She infamously said that men fall in love with Gilda and wake up with Rita.  And here we have the problem of Rita Hayworth.  Her image as a sex symbol is so wonderfully joyous, so celebratory.  She IS an incredible dancer.  But, her life story and the biographies of her life paint her as so deeply tragic a person.  She was repeatedly raped by her father and entered marriage after marriage with men who exploited her.  But she said, looking back on her life, that she did not want people to be sad when they thought of her, she wanted to be remembered as giving joy. 
Interestingly, one of her closest friends and confidants throughout her life was Hermes Pan, a choreographer she met on one of the films she did with Fred Astaire.  It's as though her really understood her because he understood her as a dancer and that’s where she lived.  She was a dancer first and foremost.  I maintain she was the best partner that Astaire ever had.  Way better than Ginger.

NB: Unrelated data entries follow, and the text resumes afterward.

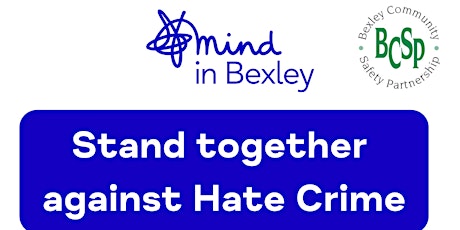Stand together against Hate Crime primary image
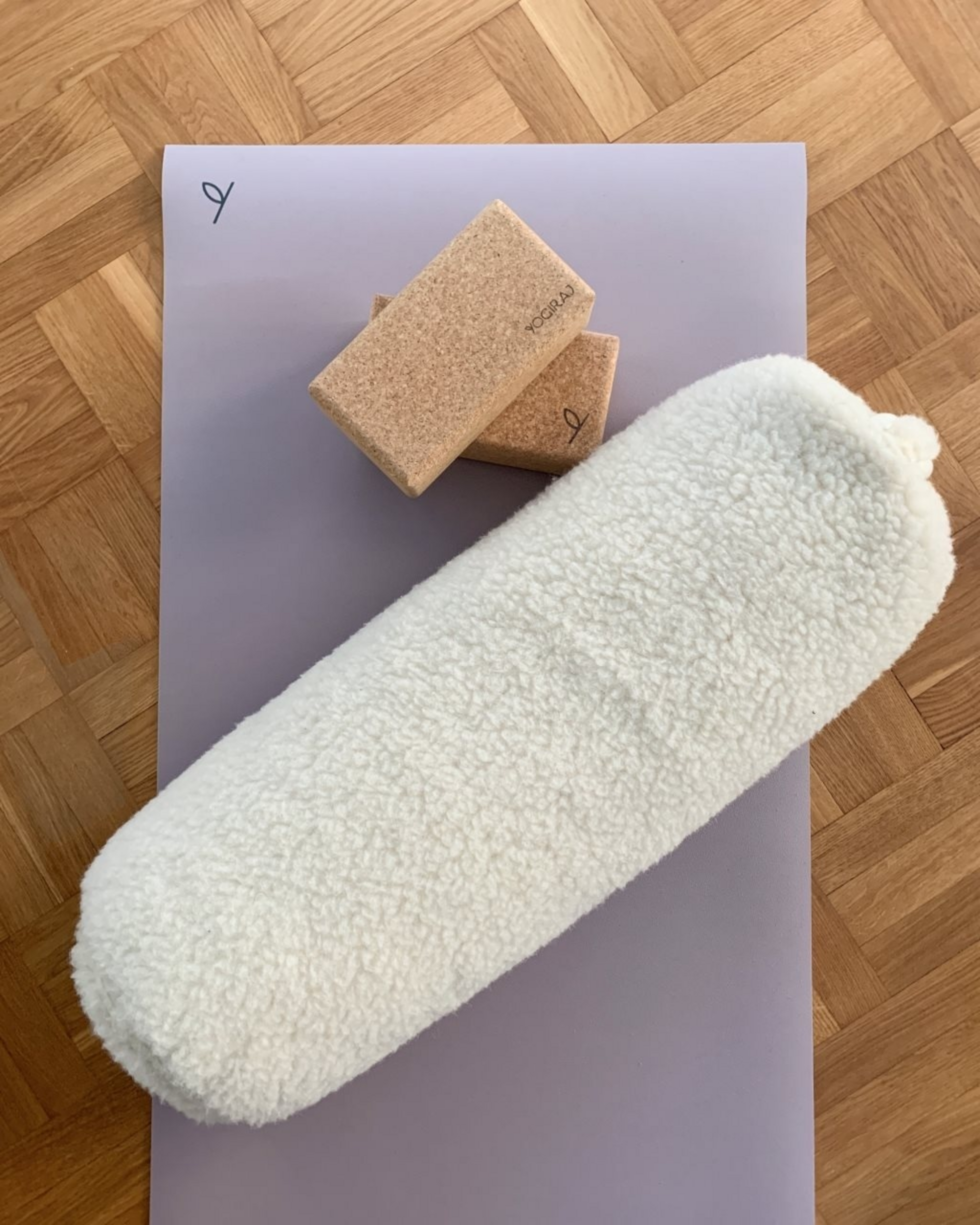 YOGIRAJ, Yogamatta Natural Practice Mat 4 Mm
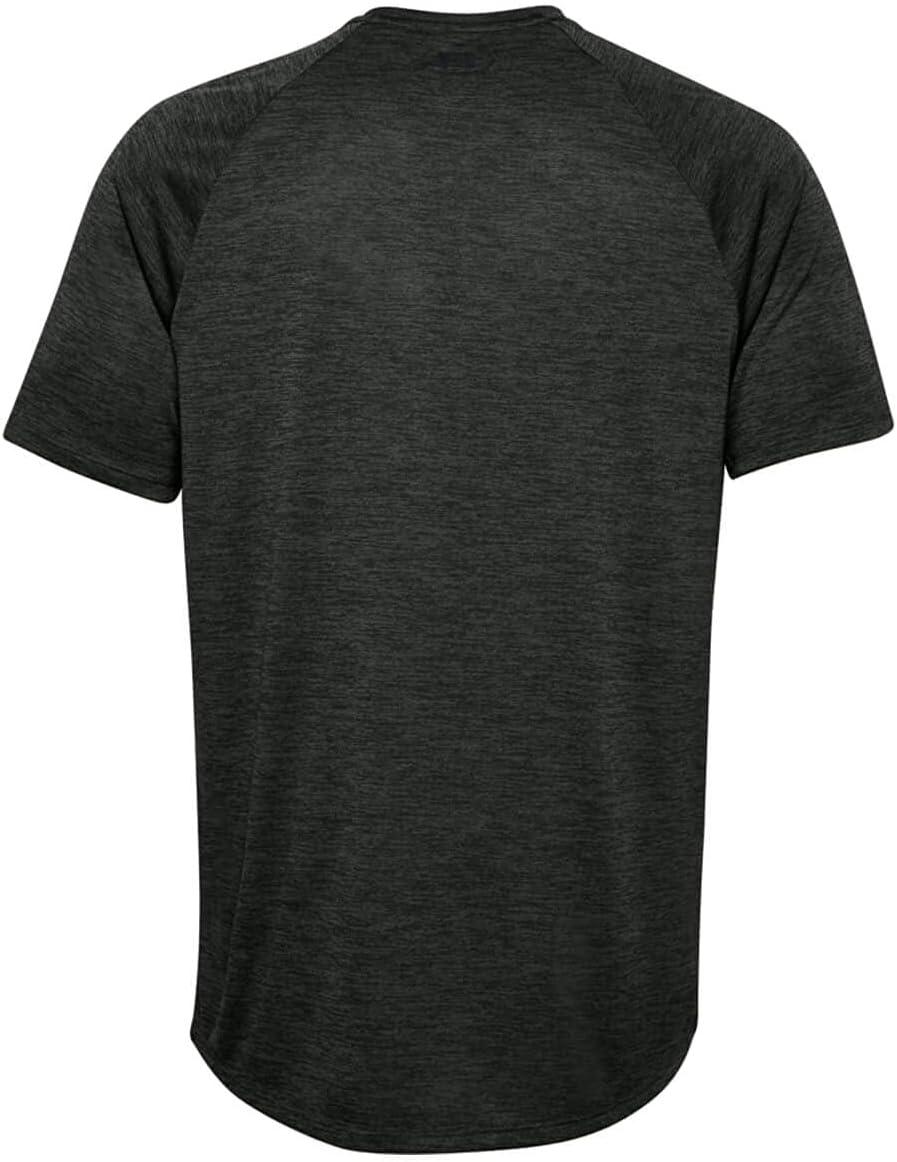 image:imageUnder Armour Mens Tech 20 ShortSleeve TshirtShirtBaroque Green 311Black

Lower down on this page there is a sentence underlined.  I think it deserves to be read as a stand alone sentence, without reading on:  "1946 emerged as a landmark for the female breast".
I like this book because the author reads the text and image of film, something I do as an art viewer.  It's a slightly instinctive.  It is interesting because she uses a personal subjective approach that was outmoded with the semiotic and psychoanalytic methods of the film-feminists later in the Seventies and Eighties.  I get more out of this style though, and I return to this book often.  It's not printed anymore so it's hard buy.  Sometimes it comes up on Amazon, but they are ex-library copies with stamps and marginalia.  I want a clean copy!  A similar book 'From Reverence to Rape' is still in print.  I wonder why that is.